Nymex, Others Downplay Impact of Hedge Funds on Gas Futures

The growing alarm about the impact that hedge funds are having in the natural gas futures market is largely unfounded, FERC Chairman Pat Wood, CFTC Chairman Sharon Brown-Hruska and Nymex Chairman Mitchell Steinhause said in three separate letters to Rep. John D. Dingell (D-MI), ranking member on the House Committee on Energy and Commerce.

All three dismissed the notion that rising participation by hedge funds has increased gas prices and market volatility. Dingell had asked for their opinion on the matter after receiving a letter from Stephen R. Etsler of Stand Energy Corp., a retail gas marketing company, that included an article on hedge funds in the gas market by Peter Fusaro and Gary Vasey of Global Change Associates.

"Nymex has conducted a review for the period Jan. 1, 2004 through Aug. 30, 2004 focusing on the volume of activity in natural gas futures, and determined that hedge funds accounted for only 9.56% of all months trading during that period," Steinhause told Dingell.
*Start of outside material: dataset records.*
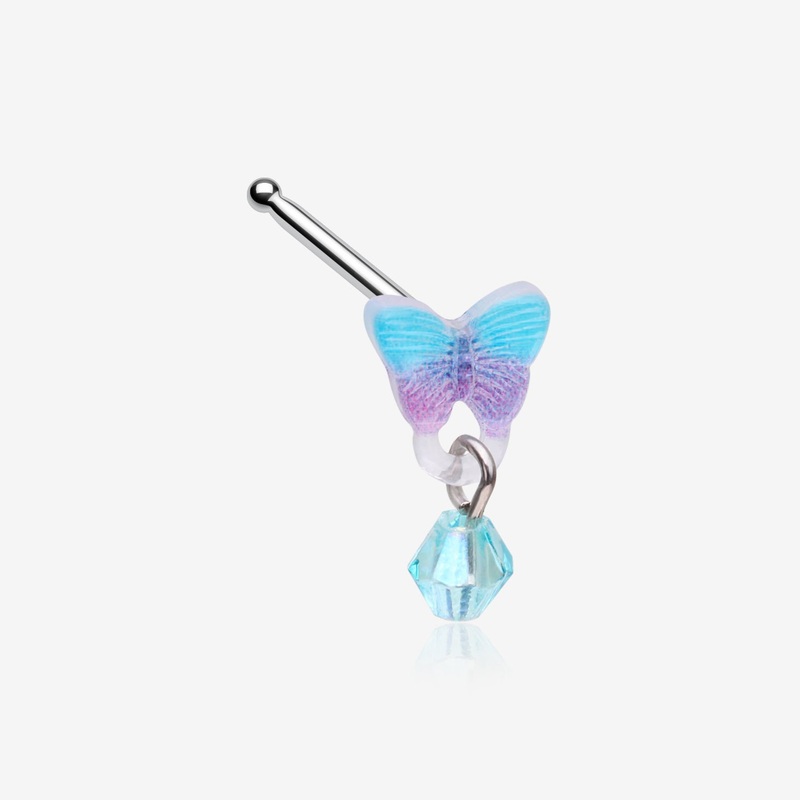 Kawaii Pop Blurple Butterfly Sparkle Dangle Nose Stud Ring
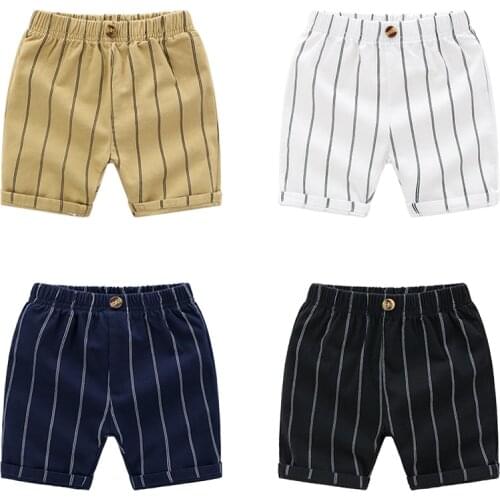 Kids Summer Trousers Clothes Children Pants for Baby Boys Shorts blue white green beach vertical striped 90100110120130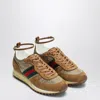 Gucci Women Re-motion Suede Low-top Sneakers In Brown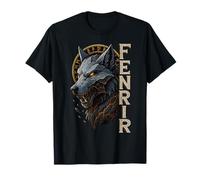 Fenrir Lobo Nórdico Círculo Rúnico Ragnarök Arte Vikingo Camiseta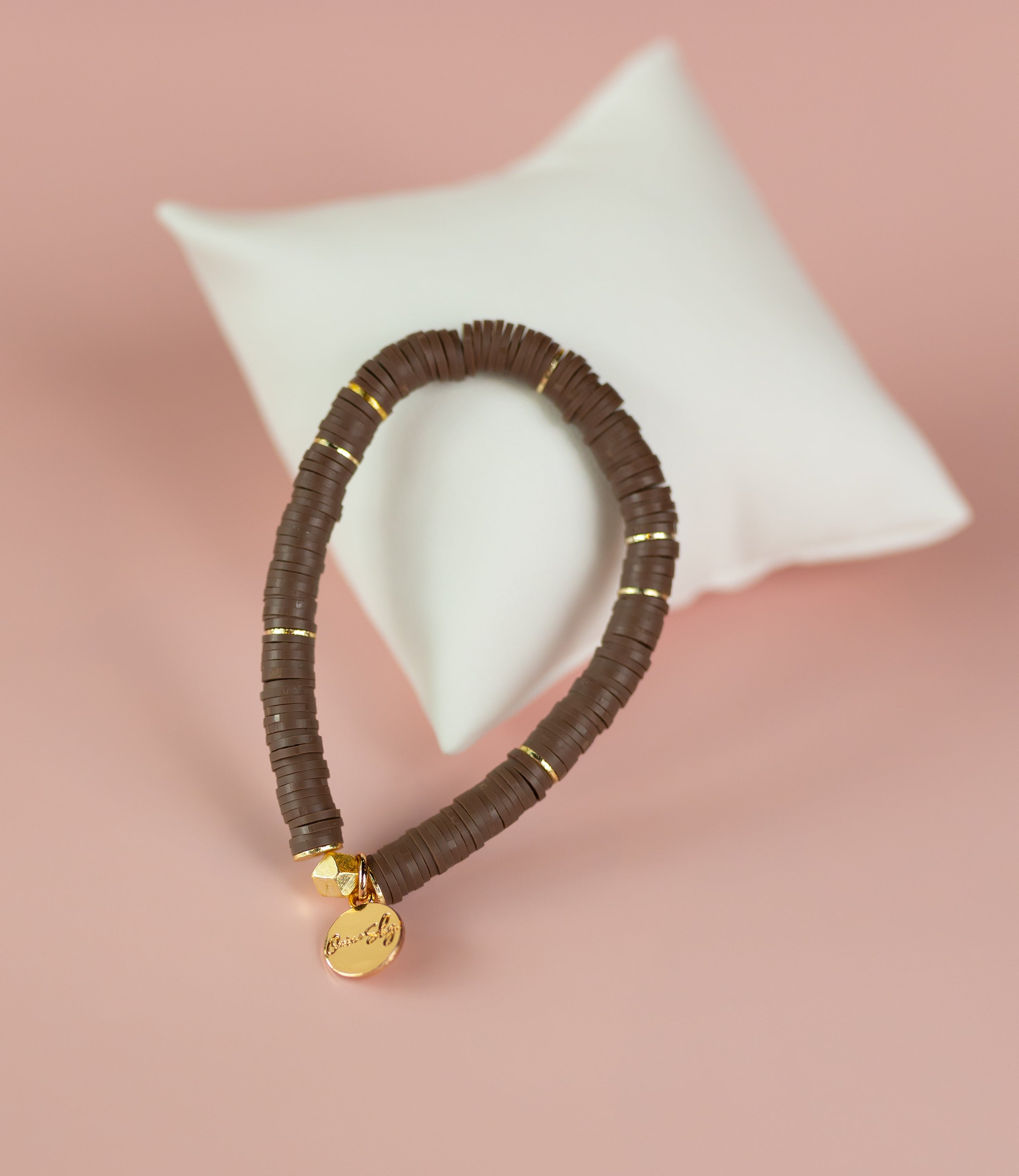 Chocolate Heishi Bracelet (Customizable)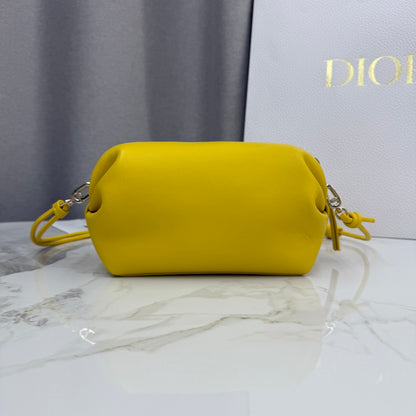 Dior D-Cushion Camera Bag — Sunshine Yellow Ultra-Soft Lambskin with Gold Hardware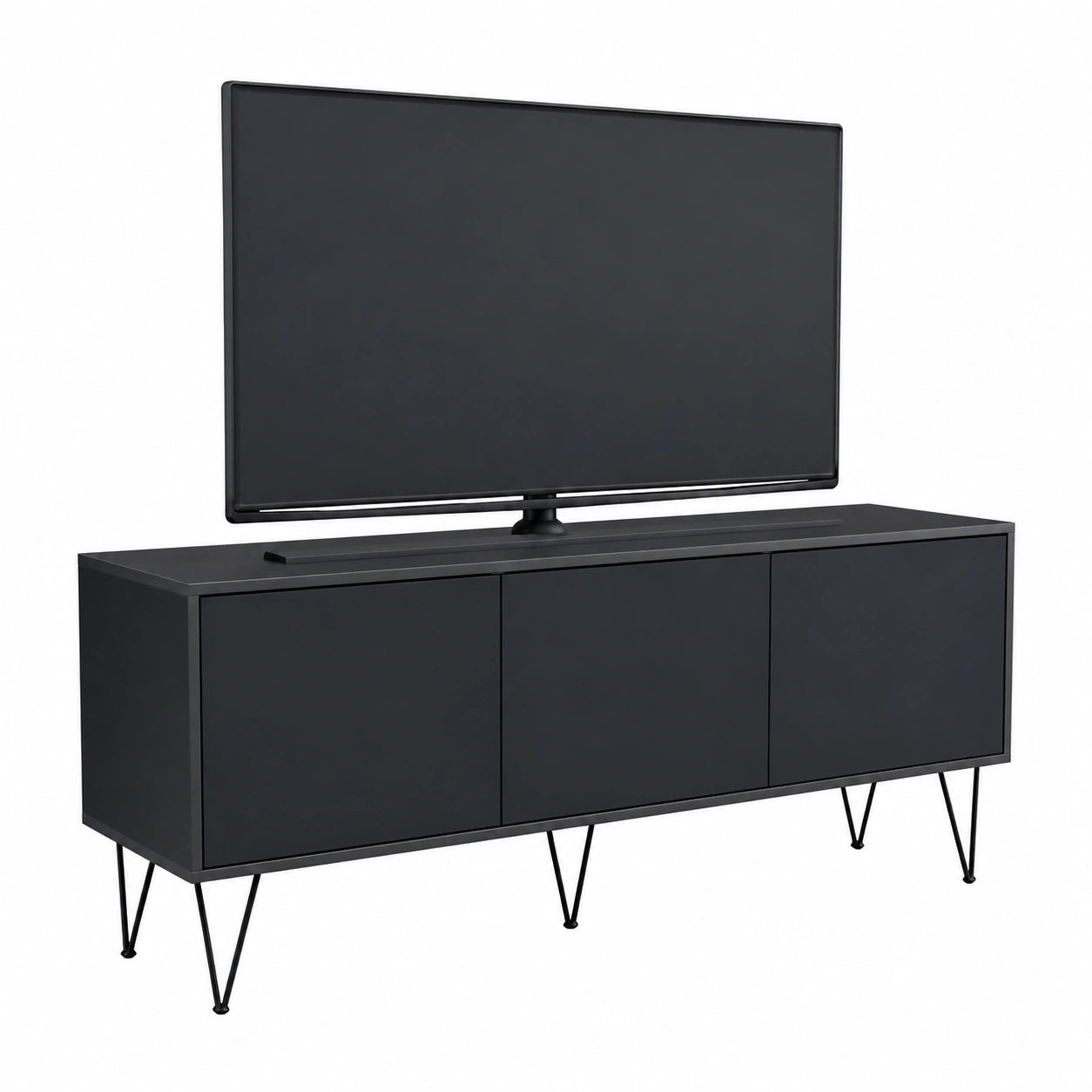 TV-Board – 152,5 × 43 × 37 cm, moderner Stil, Anthrazit und Schwarz, für Wohnzimmer und Schlafzimmer
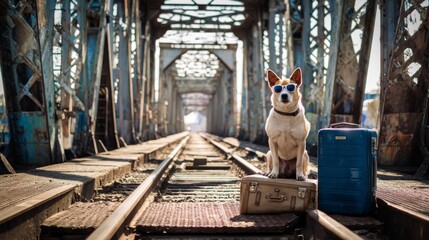 Dog wearing sunglasses sitting on railway bridge next to blue suitcase, ready to travel by train on old metal tracks leading into the distance, capturing adventure, travel, and journey themes.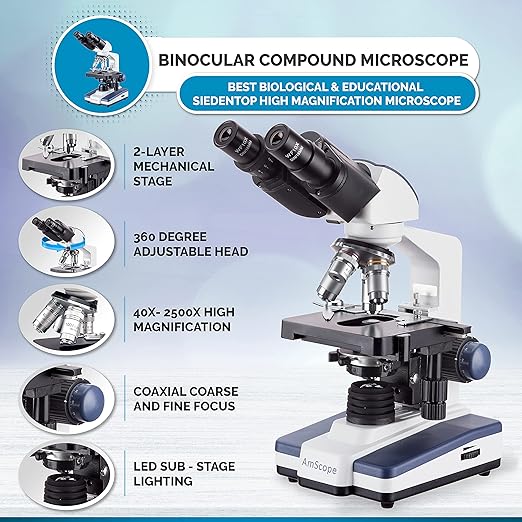 AmScope 40X-2500X LED Lab Binocular Compound Microscope with Double Layer Mechanical Stage + Book + 100 Coverslips & 50 Blank Slides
He also said the exchange determined that hedge funds accounted for only 9.06% of near-month futures contract volume during that period, indicating that was hardly enough to cause continuing volatility and price spikes.

The exchange also used a technique developed by C.W. Granger to study the causal relationship between hedge fund open interest in natural gas and market volatility. "The results indicated that volatility appears to lead hedge fund participation into the natural gas market rather than hedge funds leading to more volatility," he said. "For open interest there is only a 9% chance that volatility does not entice hedge funds into the market, whereas there is better than an 86% probability that hedge fund activity or open interest does NOT lead to higher volatility."

Nymex believes that hedge funds serve a "constructive role in our futures markets, and while their participation has not been substantial to date we will nonetheless continue to monitor it closely," said Steinhause, adding that the exchange intends to release soon a more detailed study of hedge fund participation in gas futures.

Brown-Hruska said the CFTC has been conducting routine surveillance of hedge fund trading for some time and found several other interesting facts about their participation in the gas futures market. "Individual hedge funds' net positions generally are not large compared to total open interest in the futures market," she said. "Most hedge funds normally roll their positions into forward contract months well before expiration... Commission staff has also observed that hedge funds generally seem to trade in the opposite direction from commercial traders." She indicated that these behavioral tendencies should not cause concern, and in fact help support trading by commercial market participants.

She said the CFTC believes it has the tools necessary to monitor trading activity by hedge funds in the futures market. She also noted that hedge funds are routinely tracked using the CFTC's large trader reporting system, which "has not identified these traders as a particular source of concern... The staff is continuing to study hedge fund trading activity in the natural gas market...but at this time does not believe that hedge funds are the major source of price volatility in the natural gas market."

Etsler had expressed concern to Dingell that hedge funds are trading gas futures with no intention of taking delivery of gas, and as a result there have been these "wild" swings in prices to the detriment of traditional gas users.

However, both Brown-Hruska and Wood noted that gas futures are rarely taken to delivery. "Physical delivery usually is not contemplated by either hedgers or speculators in those contracts that provide for physical delivery," said Brown-Hruska. She noted that the purpose of leaving open the possibility of physical delivery is to ensure that gas futures prices converge with physical gas prices.

Wood and Brown-Hruska also both pointed to the inherent supply and demand factors as the likely root causes of market volatility. Brown-Hruska noted that demand has been steadily increasing because gas is an environmentally clean fuel. Meanwhile, the costs of producing gas and of competing fuels have increased.

Wood also noted that "there is little real-time information available on gas production and production potential, or on gas usage or latent demand... In my view, price swings in natural gas markets have been driven by market fundamentals, but these swings may have been exaggerated by the paucity of statistics on gas supply and demand and the over reliance on gas storage as an indicator of supply and demand," he said.

He said FERC has considered requiring daily storage reporting. But if a full picture of national storage inventories is desired, the Commission would face jurisdictional issues over requiring some storage companies, such as local distributors and intrastate pipelines, to report storage data.

Wood also noted that gas price volatility also may increase when traders follow price trends rather than independently verify gas market fundamentals. "This strategy can contribute to prices overshooting levels otherwise indicated by market fundamentals."